# WHAT TO WORK ON:
In this exercise, print only the lines of the records below from the one with "Photo de deux" through the one with "キットはHGのNo.56なの", inclusive. Pictures are not part of the copy.

# RECORDS SHOWN:

_ _ _ _ _ _ _

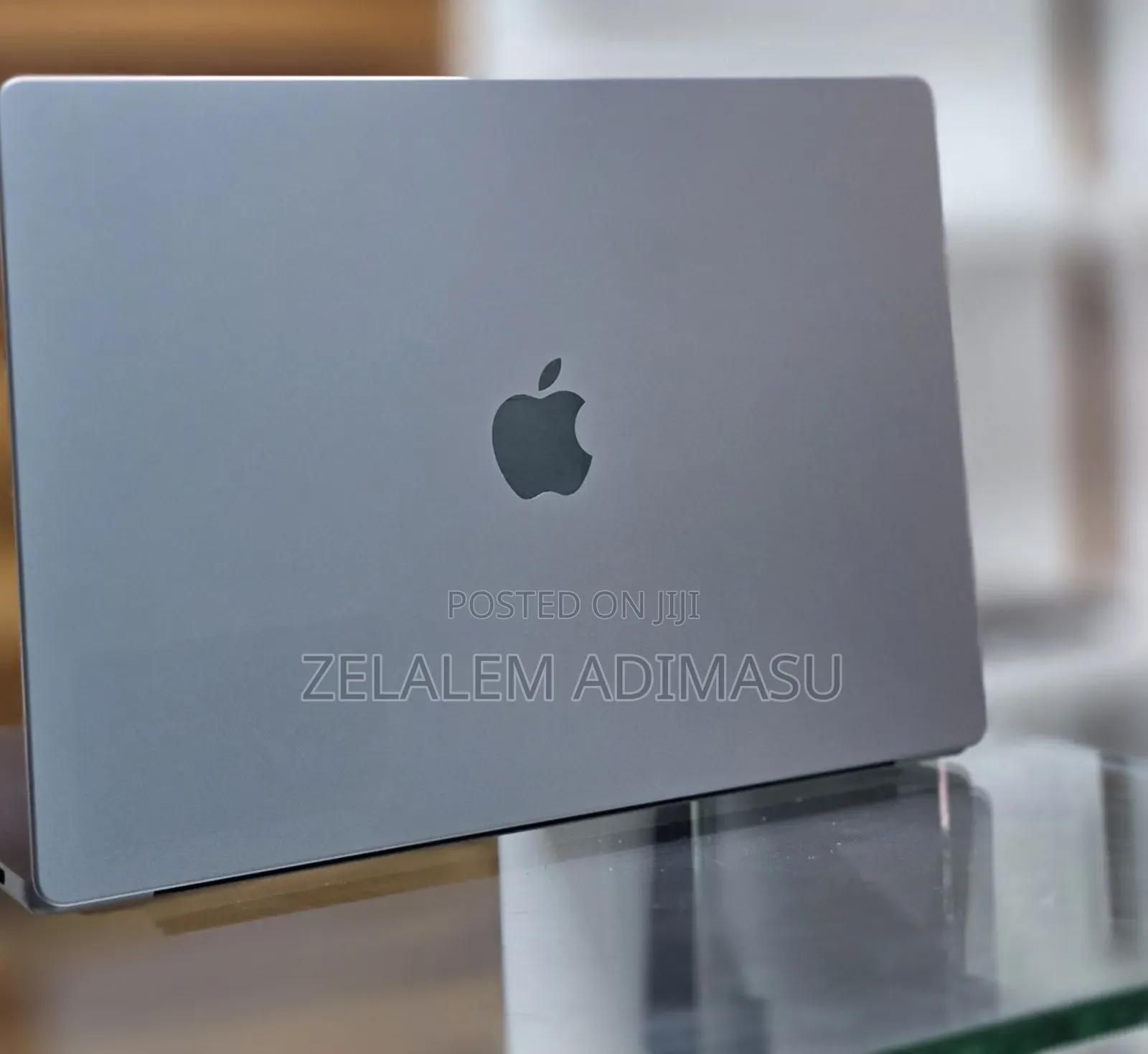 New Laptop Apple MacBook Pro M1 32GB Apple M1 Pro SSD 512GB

_ _ _ _ _ _ _

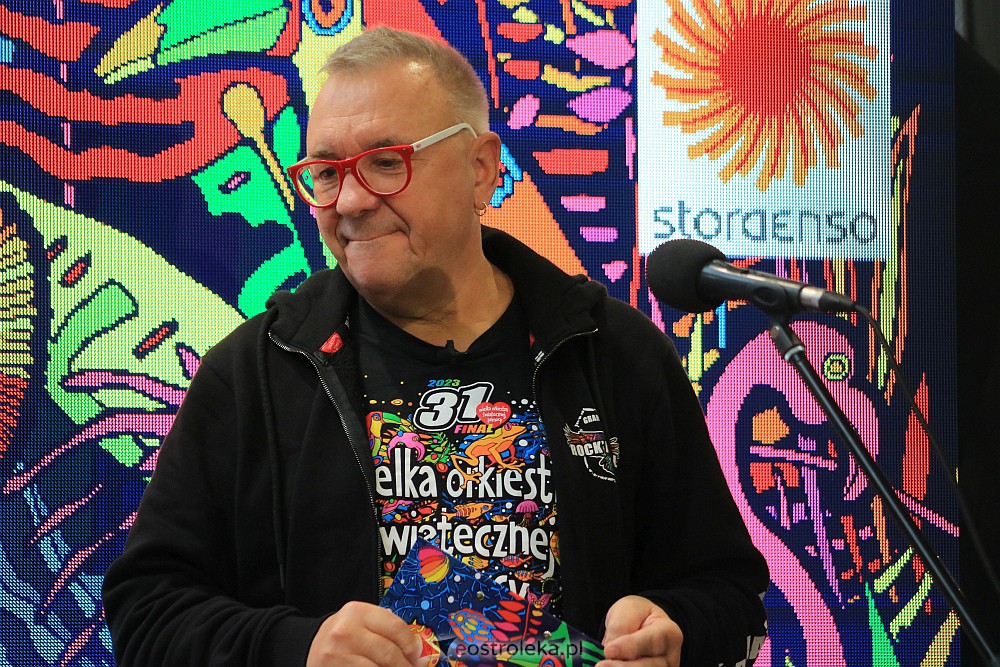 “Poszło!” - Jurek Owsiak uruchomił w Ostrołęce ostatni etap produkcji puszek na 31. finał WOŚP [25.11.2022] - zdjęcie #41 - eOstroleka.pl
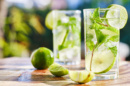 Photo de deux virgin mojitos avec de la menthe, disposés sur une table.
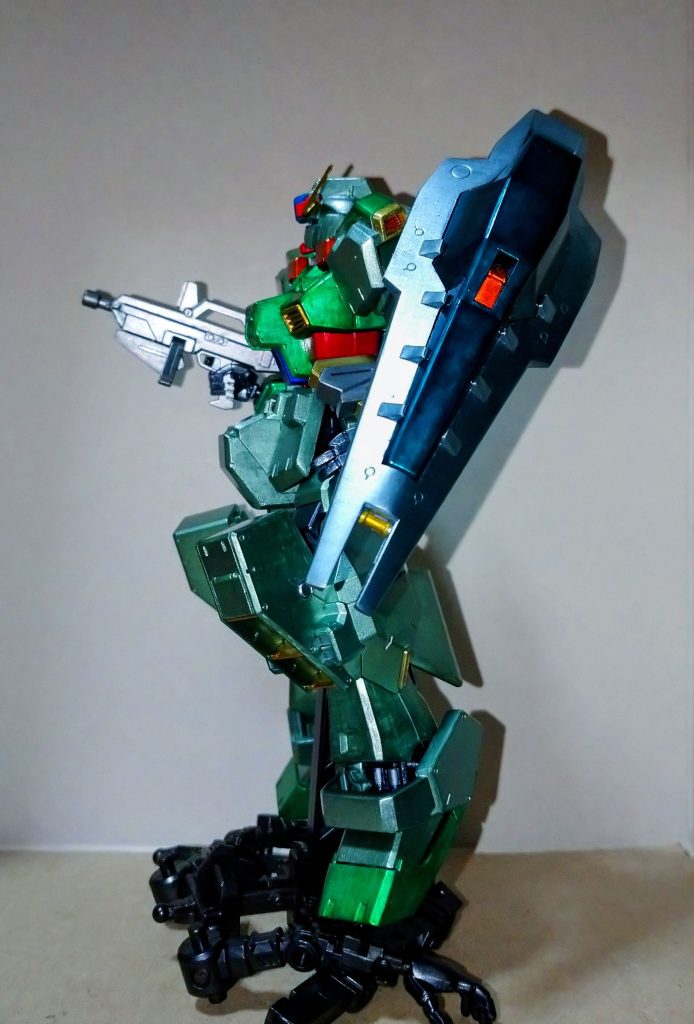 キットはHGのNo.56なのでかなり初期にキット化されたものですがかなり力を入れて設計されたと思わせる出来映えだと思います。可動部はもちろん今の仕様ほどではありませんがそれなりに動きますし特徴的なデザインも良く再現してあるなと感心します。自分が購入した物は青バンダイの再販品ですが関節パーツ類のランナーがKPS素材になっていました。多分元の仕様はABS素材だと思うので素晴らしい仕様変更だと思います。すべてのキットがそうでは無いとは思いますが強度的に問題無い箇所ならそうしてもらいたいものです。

_ _ _ _ _ _ _

# ANSWER BOX:
 Photo de deux virgin mojitos avec de la menthe, disposés sur une table.
 キットはHGのNo.56なのでかなり初期にキット化されたものですがかなり力を入れて設計されたと思わせる出来映えだと思います。可動部はもちろん今の仕様ほどではありませんがそれなりに動きますし特徴的なデザインも良く再現してあるなと感心します。自分が購入した物は青バンダイの再販品ですが関節パーツ類のランナーがKPS素材になっていました。多分元の仕様はABS素材だと思うので素晴らしい仕様変更だと思います。すべてのキットがそうでは無いとは思いますが強度的に問題無い箇所ならそうしてもらいたいものです。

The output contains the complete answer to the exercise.